All lines from the one containing "Albuquerque, United States" to the end of the material are to be given again exactly; leave out every line before it.

== Recorded information

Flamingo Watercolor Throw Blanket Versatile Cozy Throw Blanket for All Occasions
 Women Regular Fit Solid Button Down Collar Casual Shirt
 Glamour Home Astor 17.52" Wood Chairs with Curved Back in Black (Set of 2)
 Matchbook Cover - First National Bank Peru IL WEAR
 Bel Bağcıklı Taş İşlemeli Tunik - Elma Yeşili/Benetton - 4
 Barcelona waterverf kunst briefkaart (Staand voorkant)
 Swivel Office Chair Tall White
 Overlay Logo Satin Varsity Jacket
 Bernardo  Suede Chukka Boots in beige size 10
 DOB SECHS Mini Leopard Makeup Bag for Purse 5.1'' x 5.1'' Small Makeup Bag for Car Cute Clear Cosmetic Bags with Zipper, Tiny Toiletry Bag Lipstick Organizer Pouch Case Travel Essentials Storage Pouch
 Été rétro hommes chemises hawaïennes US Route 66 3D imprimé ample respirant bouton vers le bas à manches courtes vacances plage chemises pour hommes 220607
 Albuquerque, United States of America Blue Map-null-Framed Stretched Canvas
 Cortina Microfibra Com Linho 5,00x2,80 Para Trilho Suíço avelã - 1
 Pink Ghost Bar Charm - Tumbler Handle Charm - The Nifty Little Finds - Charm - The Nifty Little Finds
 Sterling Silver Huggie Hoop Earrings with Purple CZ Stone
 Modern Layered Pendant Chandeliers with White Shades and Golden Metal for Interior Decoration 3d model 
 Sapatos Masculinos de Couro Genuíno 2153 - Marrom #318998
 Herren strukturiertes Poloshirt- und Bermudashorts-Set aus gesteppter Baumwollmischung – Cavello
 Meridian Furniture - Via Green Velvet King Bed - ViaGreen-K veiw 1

====

#### Written response:
 Albuquerque, United States of America Blue Map-null-Framed Stretched Canvas
 Cortina Microfibra Com Linho 5,00x2,80 Para Trilho Suíço avelã - 1
 Pink Ghost Bar Charm - Tumbler Handle Charm - The Nifty Little Finds - Charm - The Nifty Little Finds
 Sterling Silver Huggie Hoop Earrings with Purple CZ Stone
 Modern Layered Pendant Chandeliers with White Shades and Golden Metal for Interior Decoration 3d model 
 Sapatos Masculinos de Couro Genuíno 2153 - Marrom #318998
 Herren strukturiertes Poloshirt- und Bermudashorts-Set aus gesteppter Baumwollmischung – Cavello
 Meridian Furniture - Via Green Velvet King Bed - ViaGreen-K veiw 1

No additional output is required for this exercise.